Он продолжал жаловаться на тех, кто отправил его в деревню, и возражал им, что он «потерял доходы от своей пьесы, которая была закончена три года назад»: и в другом письме заявляет о своем решении опубликовать памфлет, чтобы мир узнал, «как с ним обошлись».
Этот памфлет так и не был написан; ибо он в очень короткое время обрел свое обычное спокойствие и с радостью занялся более безобидными штудиями. Он, правда, твердо заявлял, что ему обещали ежегодное пособие в пятьдесят фунтов, а он никогда не получал и половины этой суммы; но он, казалось, смирился с этим, как и с другими несчастьями, и забывал о нем в своих развлечениях и занятиях.
Веселость, с которой он переносил свое заключение, видна из следующего письма, которое он написал 30 января одному из своих друзей в Лондоне.
«Я пишу вам теперь из своего заключения в Ньюгейте, где нахожусь с понедельника позапрошлой недели и где наслаждаюсь гораздо большим спокойствием, чем когда-либо за последние двенадцать месяцев; имея комнату целиком в своем распоряжении и предаваясь своим поэтическим штудиям, беспрепятственно и согласно моему умонастроению. Благодарю Всевышнего, я теперь весь собран в себе; и хотя моя особа в заключении, мой разум может рассуждать на обширные и полезные темы со всей мыслимой свободой. Я теперь более сведущ в делах Девяти муз, чем когда-либо, и если, вместо ньюгейтской птицы, мне будет позволено быть птицей муз, уверяю вас, сэр, я пою в своей клетке очень свободно; иногда, правда, жалобными нотами соловья, но в другие моменты — веселыми трелями жаворонка».
В другом письме он отмечает, что переходит от одной темы к другой, не ограничивая себя какой-либо конкретной задачей; и что одну неделю он был занят одной попыткой, а следующую — другой.
Безусловно, стойкость этого человека заслуживает того, чтобы быть упомянутой с похвалой; и, какие бы пороки ни приписывались ему, добродетель достойного страдания не может быть у него отнята. Две силы, которые, по мнению Эпиктета, составляли мудрого человека, — это терпение и воздержание; нельзя, конечно, утверждать, что Сэвидж обладал ими в равной мере; и, действительно, отсутствие одной вынуждало его очень часто практиковать другую.
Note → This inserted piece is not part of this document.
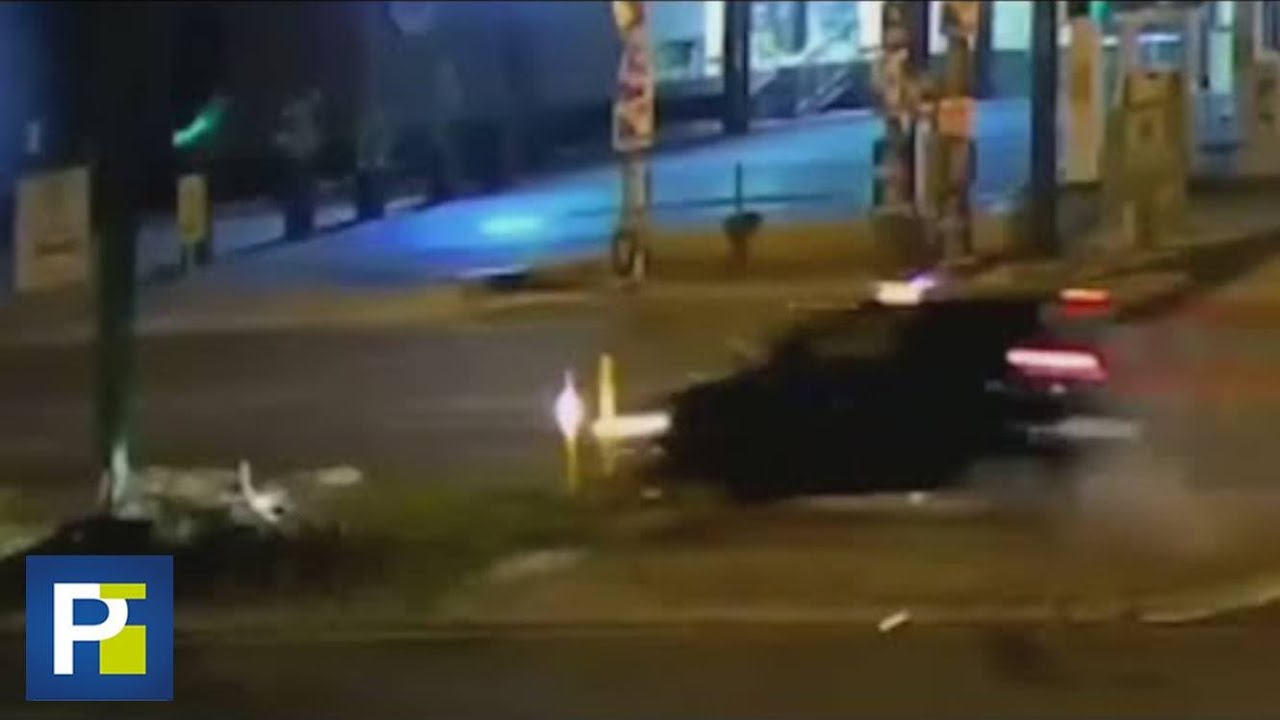 Auto sale volando al estrellarse contra un semáforo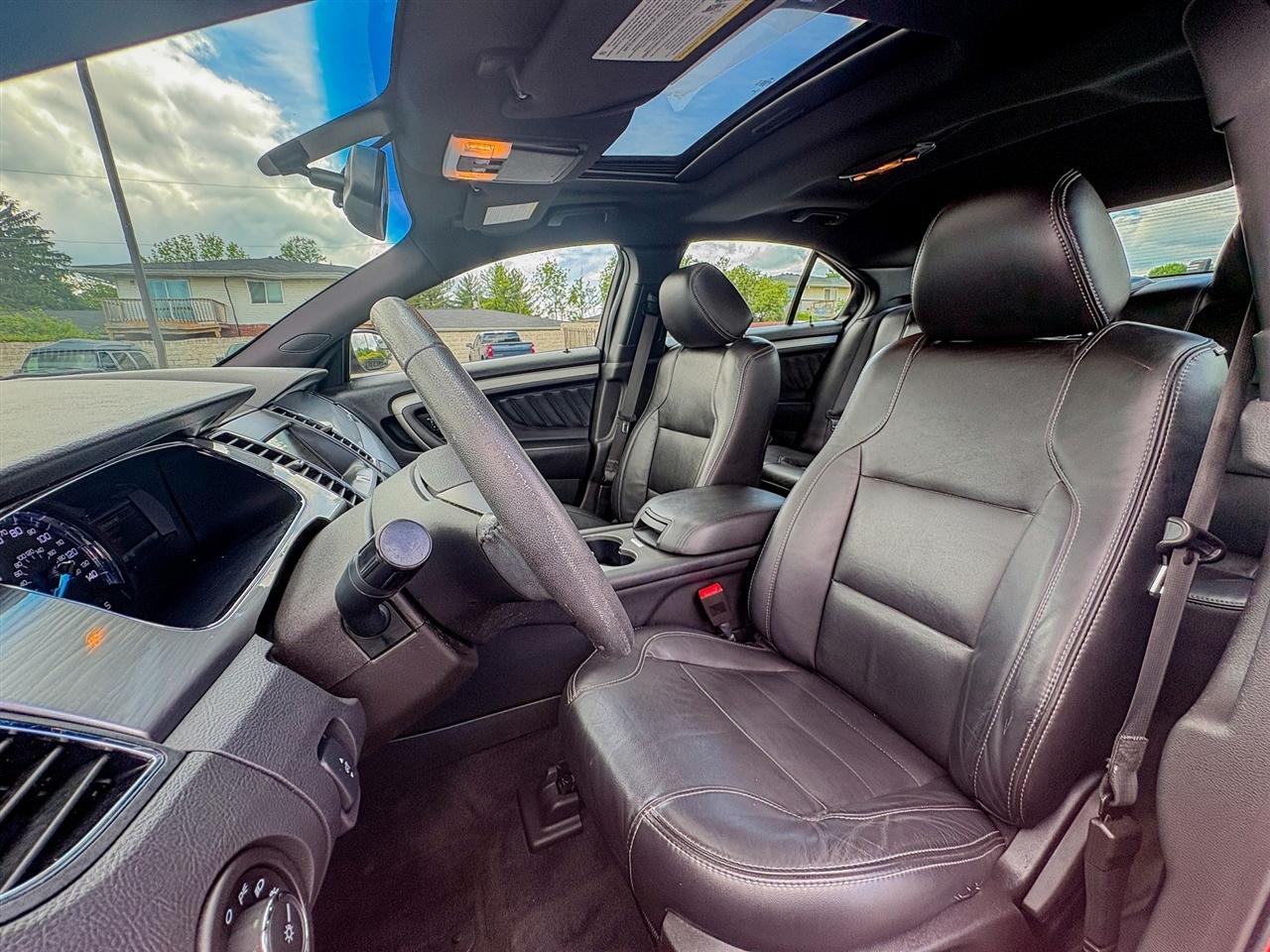 Ford Taurus  2018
Мистер Дагг, тюремный надзиратель, обращался с ним с большой человечностью; содержал его за своим столом, не имея никакой уверенности в вознаграждении; предоставил ему отдельную комнату, в которую он мог в любое время удалиться от всякого беспокойства; позволял стоять у дверей тюрьмы и иногда выводил его в поля; так что в тюрьме он терпел меньше лишений, чем привык испытывать большую часть своей жизни.
Надзиратель не ограничивал свое благодеяние мягким исполнением своих обязанностей, но делал некоторые попытки договориться с кредитором о его освобождении, хотя и безрезультатно; и продолжал, в течение всего времени его заключения, относиться к нему с величайшей нежностью и любезностью.
Добродетель, несомненно, наиболее похвальна в том состоянии, которое делает ее наиболее трудной; и поэтому человечность тюремщика, безусловно, заслуживает этого публичного свидетельства; и человек, чье сердце не очерствело от такой службы, может быть справедливо предложен как образец благожелательности. Если когда-то была выгравирована надпись «честному сборщику пошлин», то не меньших почестей должен быть удостоен «чуткий тюремщик».
Мистер Сэвидж очень часто принимал визиты, а иногда и подарки от своих знакомых; но они не составляли средств к существованию, большей частью которых он был обязан щедрости этого надзирателя; но эти милости, как бы они ни располагали его к тем конкретным лицам, от которых он их получал, были очень далеки от того, чтобы внушить его уму какие-либо выгодные идеи о жителях Бристоля, и поэтому он решил, что не может найти себе в тюрьме лучшего занятия, чем написание поэмы под названием «Лондон и Бристоль в описании».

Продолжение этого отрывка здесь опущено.